Data shown:
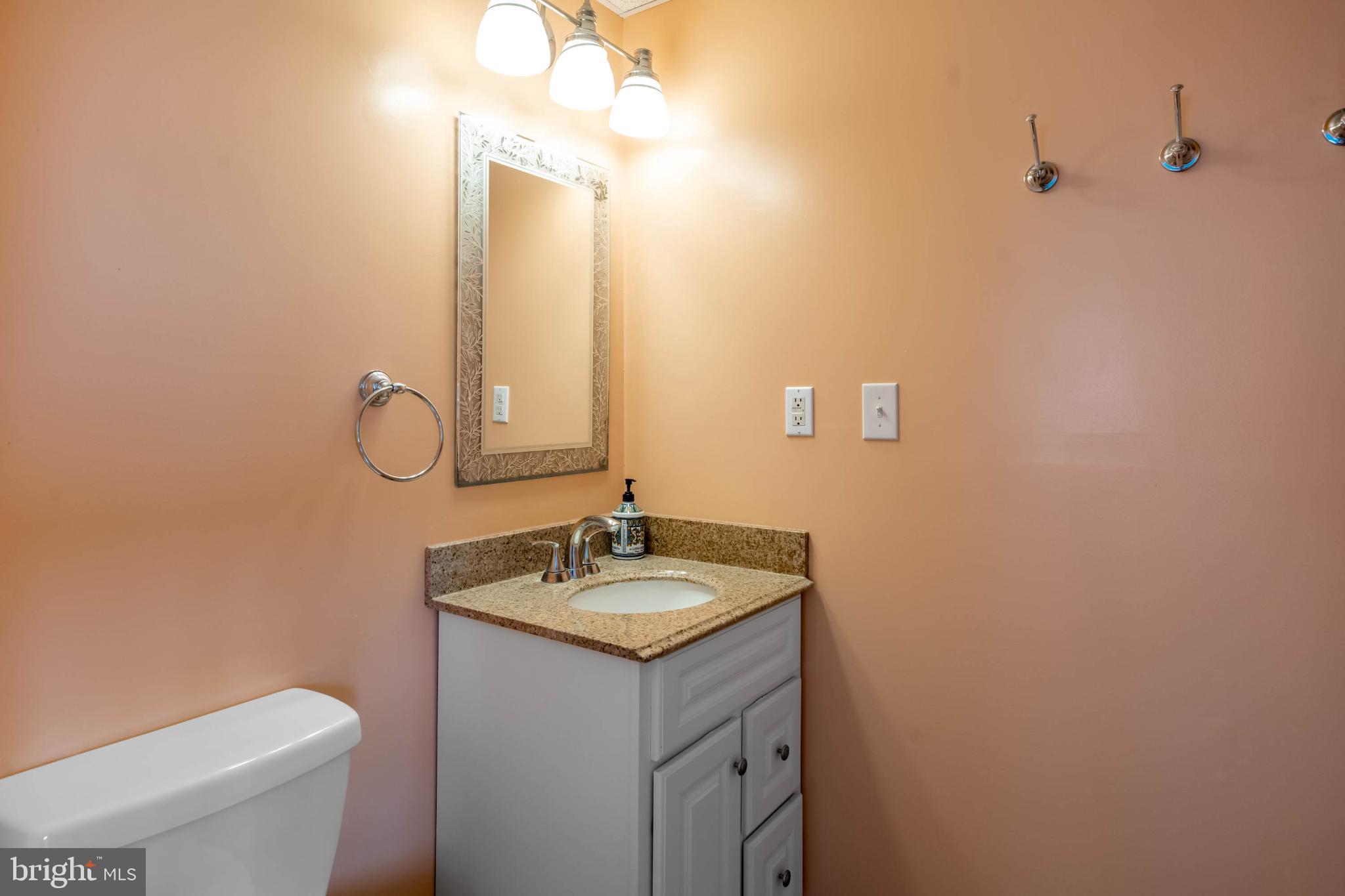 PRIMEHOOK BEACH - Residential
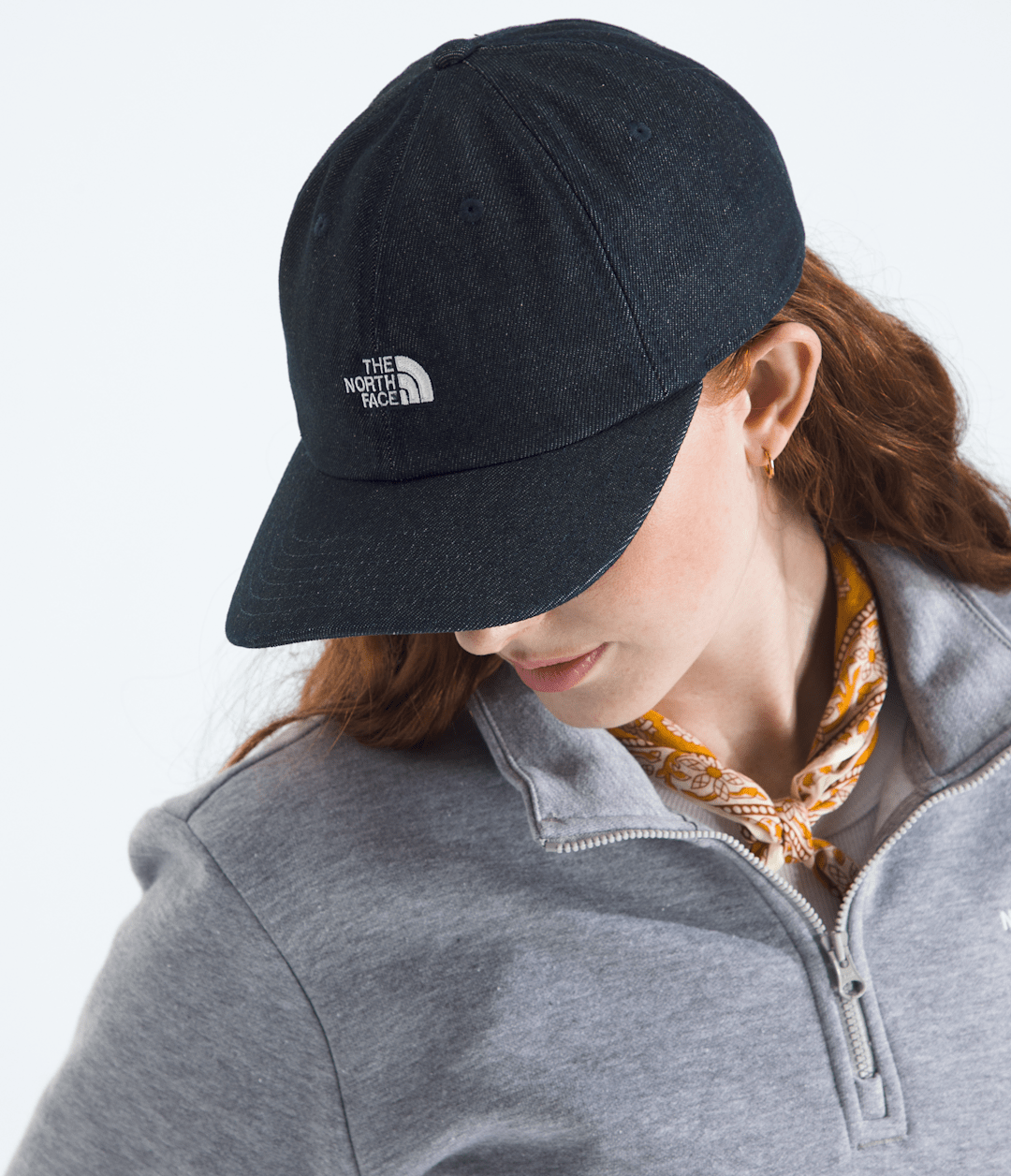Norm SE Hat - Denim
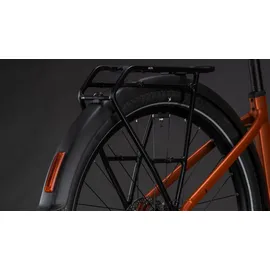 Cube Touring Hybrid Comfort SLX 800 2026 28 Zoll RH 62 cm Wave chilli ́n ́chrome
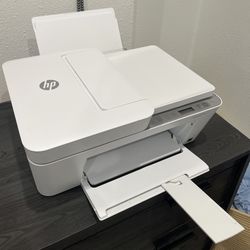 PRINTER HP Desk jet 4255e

Action item: Give back the data exactly. Pictures stay out.

Your solution:
 PRIMEHOOK BEACH - Residential
Norm SE Hat - Denim
 Cube Touring Hybrid Comfort SLX 800 2026 28 Zoll RH 62 cm Wave chilli ́n ́chrome
 PRINTER HP Desk jet 4255e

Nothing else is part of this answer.